Ему вспомнилась давняя ночь на окраине Тепидо. Сколько паломников вел тогда за собой Наставник? После молитвы они начали каяться в грехах – в полный голос, при всех. Когда пришел черед Леона, он в неосознанном порыве произнес слова, которых никто не ждал от него: «Я не верю ни в бога, ни в святых. Я верю в тебя одного, отче, – только рядом с тобой я чувствую себя человеком». Воцарилась мертвая тишина. Леон, содрогаясь от своей нежданной дерзости, ощущал устремленные на него взгляды испуганных спутников, когда вдруг прозвучал голос Наставника: «Ты страдал так много, что даже бесы исчезли, испугавшись твоей муки. Отец небесный знает, что душа твоя чиста, ибо ты искупил и каждодневно продолжаешь искупать вину. Тебе не в чем каяться, Леон: вся твоя жизнь – епитимья».

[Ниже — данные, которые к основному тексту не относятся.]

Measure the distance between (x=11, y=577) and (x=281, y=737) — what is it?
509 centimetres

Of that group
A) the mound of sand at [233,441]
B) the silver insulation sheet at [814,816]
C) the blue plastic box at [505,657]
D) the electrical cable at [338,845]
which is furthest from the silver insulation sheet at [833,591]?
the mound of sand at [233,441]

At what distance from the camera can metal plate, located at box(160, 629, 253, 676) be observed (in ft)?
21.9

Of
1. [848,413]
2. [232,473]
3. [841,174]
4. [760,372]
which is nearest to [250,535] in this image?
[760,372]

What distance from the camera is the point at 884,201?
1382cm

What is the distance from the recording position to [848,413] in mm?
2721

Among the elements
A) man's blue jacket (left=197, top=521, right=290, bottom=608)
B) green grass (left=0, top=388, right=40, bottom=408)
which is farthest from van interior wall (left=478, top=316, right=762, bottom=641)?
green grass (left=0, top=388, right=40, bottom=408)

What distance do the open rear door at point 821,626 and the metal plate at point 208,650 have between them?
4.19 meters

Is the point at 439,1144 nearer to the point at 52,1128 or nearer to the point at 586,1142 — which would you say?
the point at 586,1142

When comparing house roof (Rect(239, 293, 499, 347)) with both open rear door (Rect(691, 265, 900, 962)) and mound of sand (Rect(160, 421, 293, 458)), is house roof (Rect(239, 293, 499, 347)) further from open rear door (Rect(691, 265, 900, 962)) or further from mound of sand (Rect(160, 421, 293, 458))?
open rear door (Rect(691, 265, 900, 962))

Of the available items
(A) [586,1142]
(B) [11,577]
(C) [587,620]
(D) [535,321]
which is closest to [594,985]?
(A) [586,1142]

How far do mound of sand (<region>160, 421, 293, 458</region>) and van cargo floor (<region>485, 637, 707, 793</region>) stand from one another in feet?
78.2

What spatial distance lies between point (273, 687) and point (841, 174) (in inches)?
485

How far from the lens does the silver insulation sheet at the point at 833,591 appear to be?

Сейчас он повторил про себя эти слова, но подумал, что были все же в его жизни мгновения ни с чем не сравнимого счастья – когда, например, попадалась ему в руки книжка без начала и конца или обрывок газеты или любой клочок печатного текста и, сложив буквы в слова, он открывал для себя чудо. Когда он воображал, что Алмудия, прелестная девочка из Натубы, осталась жива и песни его не околдуют ее, не наведут на нее порчу, не убьют, а всего лишь порадуют и развеселят. Когда он прижимался щекой к коленям Наставника и чувствовал, как его пальцы перебирают и разглаживают жесткие кудерьки, почесывают макушку, Леон впадал в сладкую дремоту, истома разливалась по телу, и он знал, что за все горести и печали судьба ему воздала.